Niamey est sous état de siège depuis des jours avec, partout, des corps habillés pour réagir au moindre petit bruit de rue. La précaution est dissuasive, ressort de l’intimidation pour espérer que par l’impressionnant dispositif qui quadrille la «ville rebelle», l’on vainc les rancoeurs, les fureurs de populations qui n’en peuvent plus et qui ne sauraient se taire même lorsque, enfin, le régime consent à rouvrir les portes fermées du grand marché, sans doute en signe d’apaisement. Ce n’est pas une solution et le quartier Goudel en a donné les preuves.

L’on peut d’ailleurs se demander et à juste titre, jusqu’à quand des FDS peuvent- elles continuer à obtempérer à des ordres manifestement illégaux qui dénient à un peuple son droit constitutionnel inaliénable de manifester et de dire «non» ?

C’est pour dire qu’en démocratie, il est incompréhensible de croire qu’on peut régner par les armes, imposer des résultats électoraux par des armes, hier dans certaines circonscriptions, et aujourd’hui, à un niveau central, en se servant des forces de l’ordre qui, comme tout citoyen, ont voté pour faire entendre leur choix.

Peut-on donc indéfiniment instrumentaliser cette composante essentielle de la nation ?

Le régime a certainement tort de croire qu’avec des armes braquées sur le peuple, il peut régner ad vitam aeternam.

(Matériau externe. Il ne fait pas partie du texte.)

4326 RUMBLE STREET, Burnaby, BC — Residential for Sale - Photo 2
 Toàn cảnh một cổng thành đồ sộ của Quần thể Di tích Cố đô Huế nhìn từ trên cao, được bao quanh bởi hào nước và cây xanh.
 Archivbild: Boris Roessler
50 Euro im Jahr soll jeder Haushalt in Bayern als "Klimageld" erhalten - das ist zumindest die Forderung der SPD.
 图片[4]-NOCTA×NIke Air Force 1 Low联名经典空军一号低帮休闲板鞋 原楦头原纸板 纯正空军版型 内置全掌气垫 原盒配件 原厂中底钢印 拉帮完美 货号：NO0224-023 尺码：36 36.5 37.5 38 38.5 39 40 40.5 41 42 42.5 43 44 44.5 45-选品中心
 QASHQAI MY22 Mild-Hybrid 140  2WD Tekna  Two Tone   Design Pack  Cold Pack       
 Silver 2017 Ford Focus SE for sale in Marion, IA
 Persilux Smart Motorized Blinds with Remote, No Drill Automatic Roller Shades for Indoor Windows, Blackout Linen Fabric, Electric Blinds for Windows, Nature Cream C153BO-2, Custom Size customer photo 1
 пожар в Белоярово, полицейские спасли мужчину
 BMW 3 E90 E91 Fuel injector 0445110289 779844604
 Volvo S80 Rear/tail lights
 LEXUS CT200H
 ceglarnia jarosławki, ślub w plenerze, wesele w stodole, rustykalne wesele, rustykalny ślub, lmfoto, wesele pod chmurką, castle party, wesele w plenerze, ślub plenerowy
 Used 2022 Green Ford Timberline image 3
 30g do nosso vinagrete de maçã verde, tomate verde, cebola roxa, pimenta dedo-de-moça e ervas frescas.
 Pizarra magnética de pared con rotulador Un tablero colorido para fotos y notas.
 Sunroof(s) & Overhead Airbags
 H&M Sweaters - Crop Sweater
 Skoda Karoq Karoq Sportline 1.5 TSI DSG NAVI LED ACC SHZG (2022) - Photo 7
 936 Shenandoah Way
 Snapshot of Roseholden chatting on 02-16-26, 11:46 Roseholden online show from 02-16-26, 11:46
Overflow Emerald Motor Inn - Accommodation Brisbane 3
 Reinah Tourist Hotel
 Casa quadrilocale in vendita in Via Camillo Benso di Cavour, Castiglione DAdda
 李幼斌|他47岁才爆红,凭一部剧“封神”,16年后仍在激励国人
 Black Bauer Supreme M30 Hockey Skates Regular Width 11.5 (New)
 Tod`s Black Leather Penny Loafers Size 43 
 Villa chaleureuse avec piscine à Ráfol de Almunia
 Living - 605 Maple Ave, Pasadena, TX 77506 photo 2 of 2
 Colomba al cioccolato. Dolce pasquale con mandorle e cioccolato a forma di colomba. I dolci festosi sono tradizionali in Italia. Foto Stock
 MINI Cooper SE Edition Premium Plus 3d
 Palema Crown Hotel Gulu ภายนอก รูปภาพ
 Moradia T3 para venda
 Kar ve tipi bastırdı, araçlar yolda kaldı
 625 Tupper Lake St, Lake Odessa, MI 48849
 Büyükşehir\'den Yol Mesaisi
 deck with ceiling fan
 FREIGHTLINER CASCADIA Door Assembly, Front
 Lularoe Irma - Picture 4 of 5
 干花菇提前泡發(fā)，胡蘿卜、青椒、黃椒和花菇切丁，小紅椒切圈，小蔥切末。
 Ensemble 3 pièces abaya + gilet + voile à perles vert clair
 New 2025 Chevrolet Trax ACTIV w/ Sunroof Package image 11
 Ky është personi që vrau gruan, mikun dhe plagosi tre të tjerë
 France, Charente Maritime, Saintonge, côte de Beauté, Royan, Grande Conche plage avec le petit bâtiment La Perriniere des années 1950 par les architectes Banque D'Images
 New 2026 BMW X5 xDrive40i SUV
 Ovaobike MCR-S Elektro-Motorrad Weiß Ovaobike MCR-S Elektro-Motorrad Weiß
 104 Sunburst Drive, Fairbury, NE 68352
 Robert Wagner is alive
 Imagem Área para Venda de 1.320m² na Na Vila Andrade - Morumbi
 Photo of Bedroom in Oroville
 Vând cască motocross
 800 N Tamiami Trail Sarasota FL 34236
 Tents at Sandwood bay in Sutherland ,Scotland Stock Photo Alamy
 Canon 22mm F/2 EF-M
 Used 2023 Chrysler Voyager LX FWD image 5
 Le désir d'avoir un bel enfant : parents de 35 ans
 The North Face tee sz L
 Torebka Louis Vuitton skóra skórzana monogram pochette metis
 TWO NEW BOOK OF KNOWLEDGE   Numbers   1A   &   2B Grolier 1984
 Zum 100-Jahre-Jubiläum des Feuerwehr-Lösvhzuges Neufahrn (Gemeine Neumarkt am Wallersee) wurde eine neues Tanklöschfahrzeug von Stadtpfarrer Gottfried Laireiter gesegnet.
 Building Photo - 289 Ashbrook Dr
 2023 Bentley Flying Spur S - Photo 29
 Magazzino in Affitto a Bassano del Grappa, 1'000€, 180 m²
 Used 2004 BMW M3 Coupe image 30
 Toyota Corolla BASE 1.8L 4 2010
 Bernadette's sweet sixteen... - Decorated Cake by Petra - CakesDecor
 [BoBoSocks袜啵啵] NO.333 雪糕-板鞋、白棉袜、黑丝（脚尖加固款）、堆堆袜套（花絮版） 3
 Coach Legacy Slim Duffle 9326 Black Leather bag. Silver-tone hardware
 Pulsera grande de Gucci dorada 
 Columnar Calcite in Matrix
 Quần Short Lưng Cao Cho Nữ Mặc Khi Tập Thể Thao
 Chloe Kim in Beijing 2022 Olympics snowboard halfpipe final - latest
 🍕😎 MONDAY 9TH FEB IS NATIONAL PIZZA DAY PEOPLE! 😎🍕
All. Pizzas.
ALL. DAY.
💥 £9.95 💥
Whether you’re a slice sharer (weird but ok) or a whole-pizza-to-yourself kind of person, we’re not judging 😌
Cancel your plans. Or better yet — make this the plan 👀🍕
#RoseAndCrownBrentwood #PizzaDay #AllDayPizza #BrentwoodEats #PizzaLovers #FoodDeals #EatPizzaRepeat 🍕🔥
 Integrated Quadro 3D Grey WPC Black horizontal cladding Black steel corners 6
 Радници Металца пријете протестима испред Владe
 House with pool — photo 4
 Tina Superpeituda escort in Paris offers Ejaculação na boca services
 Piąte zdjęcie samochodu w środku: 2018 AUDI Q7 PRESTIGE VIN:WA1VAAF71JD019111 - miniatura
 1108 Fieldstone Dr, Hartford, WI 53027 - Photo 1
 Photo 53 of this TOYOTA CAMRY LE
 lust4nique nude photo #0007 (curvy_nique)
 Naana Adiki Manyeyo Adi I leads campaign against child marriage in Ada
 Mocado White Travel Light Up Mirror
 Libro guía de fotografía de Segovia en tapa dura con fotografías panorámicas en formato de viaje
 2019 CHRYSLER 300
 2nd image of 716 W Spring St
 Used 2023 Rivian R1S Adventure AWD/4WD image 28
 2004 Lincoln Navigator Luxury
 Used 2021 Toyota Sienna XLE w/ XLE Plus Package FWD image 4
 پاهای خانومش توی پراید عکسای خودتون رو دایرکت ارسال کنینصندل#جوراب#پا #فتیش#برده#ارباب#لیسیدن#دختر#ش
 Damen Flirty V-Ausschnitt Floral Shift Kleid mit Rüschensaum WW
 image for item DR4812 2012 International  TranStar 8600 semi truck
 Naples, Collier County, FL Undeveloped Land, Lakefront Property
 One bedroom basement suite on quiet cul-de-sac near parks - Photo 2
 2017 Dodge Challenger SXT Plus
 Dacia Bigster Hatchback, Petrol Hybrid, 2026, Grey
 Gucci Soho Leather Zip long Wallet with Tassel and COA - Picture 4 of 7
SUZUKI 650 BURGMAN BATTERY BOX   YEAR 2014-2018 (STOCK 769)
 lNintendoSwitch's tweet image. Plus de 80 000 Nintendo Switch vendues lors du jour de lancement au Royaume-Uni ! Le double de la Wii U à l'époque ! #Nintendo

Cette situation inédite ne présage rien de bon pour le Niger et pour sa stabilité que des hommes, parce qu’ils sont au pouvoir, ont cru être une simple affaire d’arithmétiques galvaudées.

Démocratie armée…

Faut-il donc croire que nos FDS, pendant les cinq années à venir, n’auront rien à faire que de protéger une victoire usurpée, quand à nos frontières, tous les jours, nous sommes menacés ?

Peuvent-elles d’ailleurs tenir dans l’effort que le faux leur commande quand, comme le peuple, dans les rues, elles courent aussi pour s’acheter «massa» afin de tromper leur faim ? Elles finiront par comprendre que leur rôle, pour lequel l’État les paie au moyen des impôts du peuple, est de protéger le peuple, non de retourner contre ce peuple-là. Il est donc compliqué de vouloir gouverner un pays en état de siège permanent.

On le pourra peut-être pendant un ou deux mois, mais la précaution ne saurait prospérer face à l’usure.

La vérité des urnes est sans doute la seule solution possible pour faire face à la situation, le meilleur bouclier au pouvoir. S’y refuser, c’est choisir le chaos pour le pays. Et celui qui arrive dans les pipelines du complot international n’a pas le verbe sédatif pour gérer une situation nécessairement explosive. Le Niger vit des heures graves. Qui le sauvera ? Dieu, disent les plus fatalistes. Mais certainement un peuple debout qui peut avoir la bénédiction du Tout-puissant.